When alleging a false and misleading statement within the meaning of section 117 and 118 of the Motor Accidents Compensation Act 1999 (NSW), does the onus lie with the defendant or the plaintiff to establish that he or she was a passenger travelling in the vehicle at the time of the accident?

Judgment date: 28 September 2018 Citation: Nguyen v Tran [2018] NSWCA 215 Jurisdiction: NSW Court of Appeal

Principles

  • The onus is on the claimant to prove that they were present in the vehicle when the accident occurred.

Background

Ms Nguyen, the insured driver, was involved in a motor vehicle accident on 20 November 2012, when she negligently turned her vehicle into the path of oncoming traffic and collided with another vehicle.
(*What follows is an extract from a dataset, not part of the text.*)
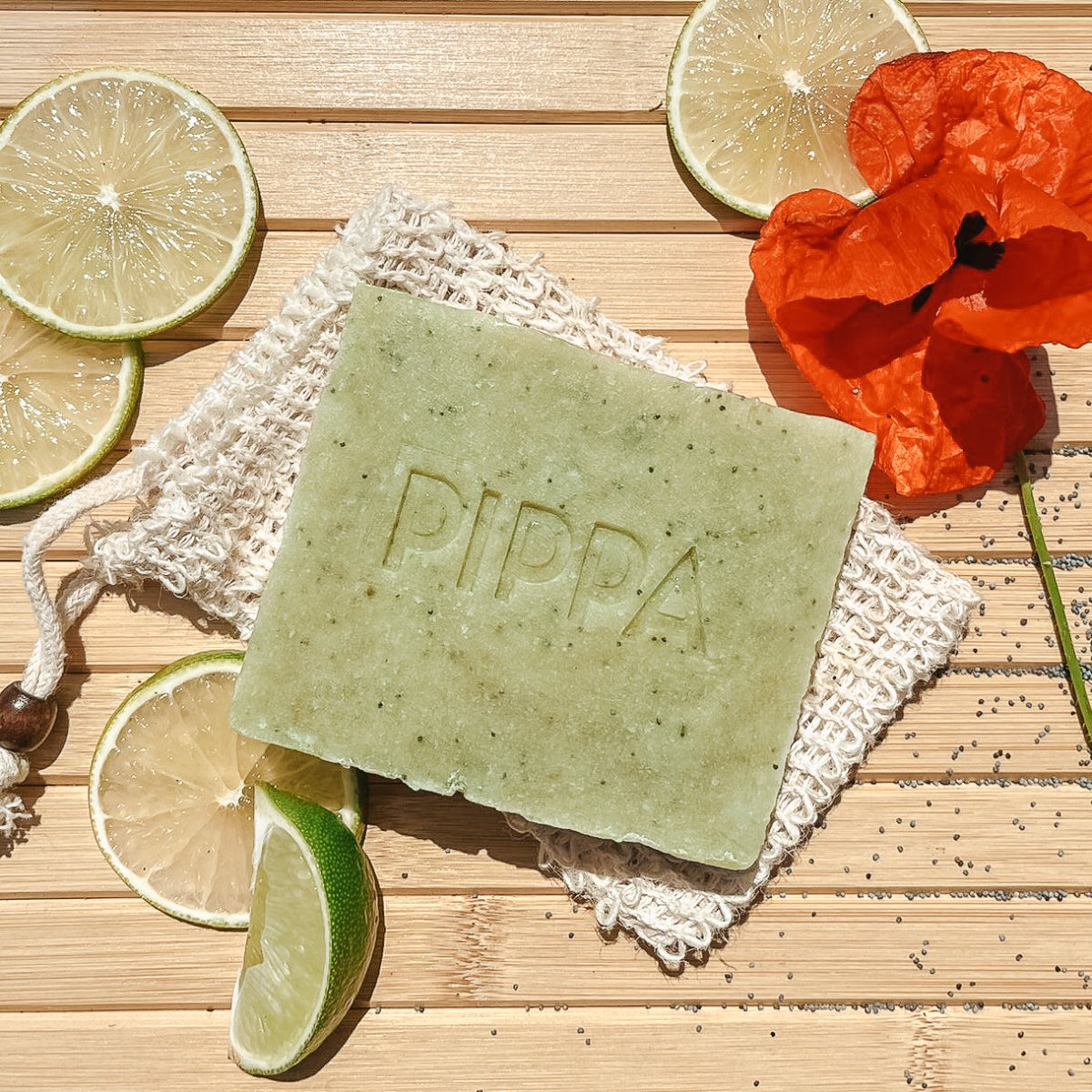 PIPPA Shampoo Bar Poppy Seed & Lime - Cura-Nutritio | Diervoeding & Meststoffen & Bakmixen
Ms Nguyen was clearly negligent.

The claimant alleged he was a rear seat passenger in Ms Nguyen's vehicle and that he was injured in the accident.

The insurer alleged that Mr Tran was not in the vehicle at the time of the accident and he had brought a false and misleading claim within the meaning of sections 117 and 118 of the Motor Accidents Compensation Act 1999.

The matter was heard at first instance before her Honour Judge Norton.

The insurer called two independent witness; being the driver and the passenger of the other vehicle in the accident. Both witnesses said that there were three occupants in Ms Nguyen's vehicle not four.

Judge Norton accepted that the insurer's witnesses were "witnesses of integrity who gave their evidence in a straightforward manner to the best of their ability." Her Honour observed, however, that the number of passengers in Ms Nguyen's vehicle would not have been an important issue to them at the time of the accident. Judge Norton was also concerned that they gave their statements three years after the accident and had discussed the event between themselves.

The claimant called evidence from the two other passengers in Ms Nguyen's vehicle, who both confirmed his presence in the vehicle.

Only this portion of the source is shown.